I save my images multiple times (many different versions) for various purposes: for print, for the web, and for my website. The first one is the RAW version, just as it came off the camera. It’s usually a .tif file. I save it in a separate folder on my computer. This is either when I do it myself or hire my photographer.
Then I’ll start making .jpgs at their highest resolution at 300 DPI, with the print size as big as the camera allows. My camera allows pretty large, so I can save it at about 11 x 14 inches sometimes. Usually, I’ll just save it at about an 8 x 10-inch size or a 4 x 6, depending.
Then, I’ll save a couple of large web versions at 72 DPI because that’s the largest the web can read anyway. One will be about 1500 pixels large, and one will be 900 pixels large. The 900-pixel one is for the detail image on my website. The bigger one is to email my gallery and whatnot.

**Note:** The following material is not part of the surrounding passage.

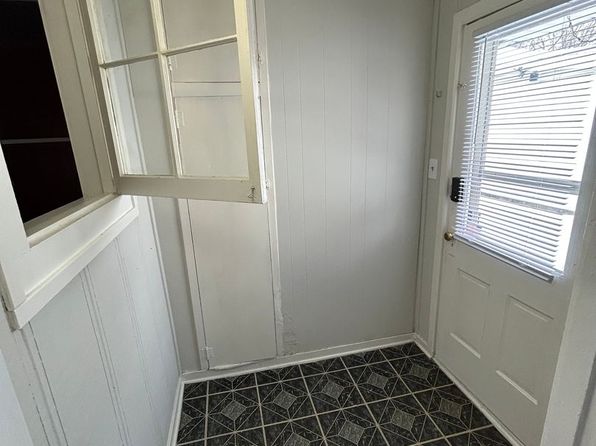 910-914 N 11th St #2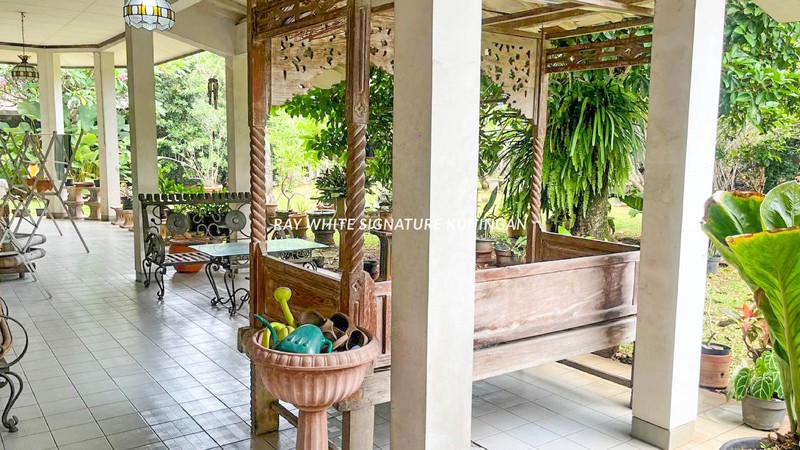 Rumah Tua Hitung Tanah di Komplek Deplu Pondok Aren Lokasi Aman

Lastly, I make two more for my site. One is for the page with all the info on it, roughly 500-700 pixels high/wide, and a thumbnail, which is always 75 pixels high (sharpened in Photoshop).
Jeez, that’s like seven versions! Believe it or not, I need them all. At times, galleries or publications want super-large files for press releases and printing, and the others are standard for my site, so there.
Also, when you have an exhibit, take pictures of your work installed on the walls. That’s a good idea too. It gives a sense of scale.
Okay, so all this info was probably overkill, maybe even a little boring for those of you that already know this stuff, but for those of you who are interested and on the edge of your seat with bated breath, here it is! Happy documenting!